Can I run DeepSeek V4 locally?
The full V4 model will require approximately 350–400GB of VRAM beyond consumer hardware. However, DeepSeek typically releases distilled smaller variants shortly after flagship launches. A quantized or distilled V4 model suitable for a single high-end consumer GPU (24GB VRAM) is expected, following the pattern set by previous DeepSeek releases.
Is DeepSeek V4 safe to use for enterprise?
DeepSeek's cloud services and consumer apps face scrutiny in several countries due to data routing concerns. However, open-weight models deployed locally on your own infrastructure send no data to DeepSeek's servers.
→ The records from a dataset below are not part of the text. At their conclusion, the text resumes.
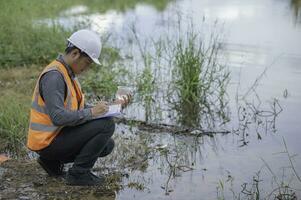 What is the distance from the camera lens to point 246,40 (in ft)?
33.6

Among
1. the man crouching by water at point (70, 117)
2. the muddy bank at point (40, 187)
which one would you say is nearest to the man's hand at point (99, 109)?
the man crouching by water at point (70, 117)

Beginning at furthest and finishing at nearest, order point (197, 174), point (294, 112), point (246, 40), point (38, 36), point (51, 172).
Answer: point (246, 40) → point (38, 36) → point (294, 112) → point (197, 174) → point (51, 172)

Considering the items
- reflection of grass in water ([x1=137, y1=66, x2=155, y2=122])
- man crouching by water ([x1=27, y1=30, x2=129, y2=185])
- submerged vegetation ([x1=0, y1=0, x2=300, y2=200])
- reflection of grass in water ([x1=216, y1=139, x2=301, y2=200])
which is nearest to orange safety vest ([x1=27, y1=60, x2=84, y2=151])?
man crouching by water ([x1=27, y1=30, x2=129, y2=185])

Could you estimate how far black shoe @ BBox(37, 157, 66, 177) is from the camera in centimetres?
447

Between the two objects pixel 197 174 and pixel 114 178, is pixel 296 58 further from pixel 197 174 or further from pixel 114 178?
→ pixel 114 178

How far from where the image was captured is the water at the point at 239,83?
4.72 m

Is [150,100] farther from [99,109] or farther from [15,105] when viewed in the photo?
[99,109]

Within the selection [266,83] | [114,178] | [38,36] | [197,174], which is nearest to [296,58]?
[266,83]

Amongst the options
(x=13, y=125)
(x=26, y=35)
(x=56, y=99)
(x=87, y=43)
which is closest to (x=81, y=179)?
(x=56, y=99)

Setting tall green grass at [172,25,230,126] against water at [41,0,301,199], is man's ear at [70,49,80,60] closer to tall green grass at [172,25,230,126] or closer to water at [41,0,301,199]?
water at [41,0,301,199]

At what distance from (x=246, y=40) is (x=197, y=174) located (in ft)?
19.2

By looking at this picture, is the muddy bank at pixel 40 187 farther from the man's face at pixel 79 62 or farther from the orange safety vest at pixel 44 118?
the man's face at pixel 79 62

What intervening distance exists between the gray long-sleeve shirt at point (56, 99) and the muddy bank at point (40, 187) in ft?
1.99

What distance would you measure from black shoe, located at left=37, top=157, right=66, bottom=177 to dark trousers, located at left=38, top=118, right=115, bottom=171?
6.0 inches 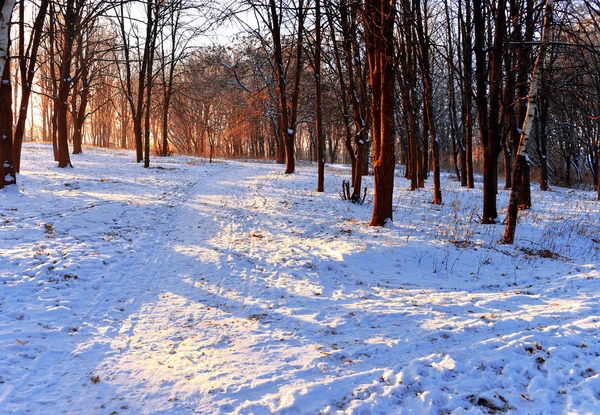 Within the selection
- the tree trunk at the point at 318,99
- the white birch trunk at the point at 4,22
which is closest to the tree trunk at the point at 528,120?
the tree trunk at the point at 318,99

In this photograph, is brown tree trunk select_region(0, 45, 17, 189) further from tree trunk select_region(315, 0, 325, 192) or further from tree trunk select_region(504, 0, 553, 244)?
tree trunk select_region(504, 0, 553, 244)

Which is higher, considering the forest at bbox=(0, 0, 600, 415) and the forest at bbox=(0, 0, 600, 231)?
the forest at bbox=(0, 0, 600, 231)

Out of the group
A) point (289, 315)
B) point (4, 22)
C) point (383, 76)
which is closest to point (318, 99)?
point (383, 76)

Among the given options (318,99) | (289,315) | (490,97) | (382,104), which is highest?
(318,99)

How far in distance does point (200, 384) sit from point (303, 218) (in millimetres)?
7212

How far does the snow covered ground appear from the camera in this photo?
319cm

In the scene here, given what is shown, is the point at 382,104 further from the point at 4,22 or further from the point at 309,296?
the point at 4,22

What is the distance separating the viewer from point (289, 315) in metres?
4.86

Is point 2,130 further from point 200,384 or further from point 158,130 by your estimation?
point 158,130

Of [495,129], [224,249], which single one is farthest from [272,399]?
[495,129]

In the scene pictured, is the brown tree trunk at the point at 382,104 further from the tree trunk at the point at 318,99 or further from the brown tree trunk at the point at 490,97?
the tree trunk at the point at 318,99

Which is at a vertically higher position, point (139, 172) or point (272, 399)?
point (139, 172)

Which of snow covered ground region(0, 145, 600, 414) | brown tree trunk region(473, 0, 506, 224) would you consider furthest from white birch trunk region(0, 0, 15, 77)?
brown tree trunk region(473, 0, 506, 224)

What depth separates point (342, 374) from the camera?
3486mm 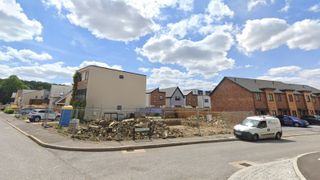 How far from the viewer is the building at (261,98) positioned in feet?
131

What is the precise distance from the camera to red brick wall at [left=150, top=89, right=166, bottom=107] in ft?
206

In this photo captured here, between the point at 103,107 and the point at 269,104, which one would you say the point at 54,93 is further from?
the point at 269,104

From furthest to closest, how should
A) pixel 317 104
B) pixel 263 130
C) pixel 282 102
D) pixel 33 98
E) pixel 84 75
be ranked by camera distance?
1. pixel 33 98
2. pixel 317 104
3. pixel 282 102
4. pixel 84 75
5. pixel 263 130

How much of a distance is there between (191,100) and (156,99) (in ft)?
62.1

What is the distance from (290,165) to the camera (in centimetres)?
895

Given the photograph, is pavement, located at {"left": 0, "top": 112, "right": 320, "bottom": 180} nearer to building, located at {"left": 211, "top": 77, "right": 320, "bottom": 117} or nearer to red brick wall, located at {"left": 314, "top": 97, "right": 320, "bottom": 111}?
building, located at {"left": 211, "top": 77, "right": 320, "bottom": 117}

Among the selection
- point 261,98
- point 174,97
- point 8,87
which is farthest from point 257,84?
point 8,87

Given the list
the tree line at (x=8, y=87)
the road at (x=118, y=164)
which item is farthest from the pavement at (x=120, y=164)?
the tree line at (x=8, y=87)

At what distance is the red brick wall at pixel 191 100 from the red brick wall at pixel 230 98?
2871 centimetres

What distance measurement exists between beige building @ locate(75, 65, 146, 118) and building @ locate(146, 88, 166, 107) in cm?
2314

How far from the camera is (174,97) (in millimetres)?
65875

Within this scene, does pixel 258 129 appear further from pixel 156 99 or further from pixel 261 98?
pixel 156 99

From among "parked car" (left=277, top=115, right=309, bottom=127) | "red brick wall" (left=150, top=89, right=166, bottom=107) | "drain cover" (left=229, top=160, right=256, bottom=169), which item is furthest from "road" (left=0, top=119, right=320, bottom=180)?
"red brick wall" (left=150, top=89, right=166, bottom=107)

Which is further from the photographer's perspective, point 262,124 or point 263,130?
point 262,124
For enterprises with data sovereignty requirements, local V4 deployment is considered a viable option by security researchers.
How much will DeepSeek V4 cost via API?
Leaked pricing suggests approximately $0.27 per million tokens roughly 40 times cheaper than Anthropic's Opus tier. This figure is unverified. DeepSeek's current V3 API is already dramatically cheaper than Western equivalents, so aggressive V4 pricing would be consistent with their historical strategy.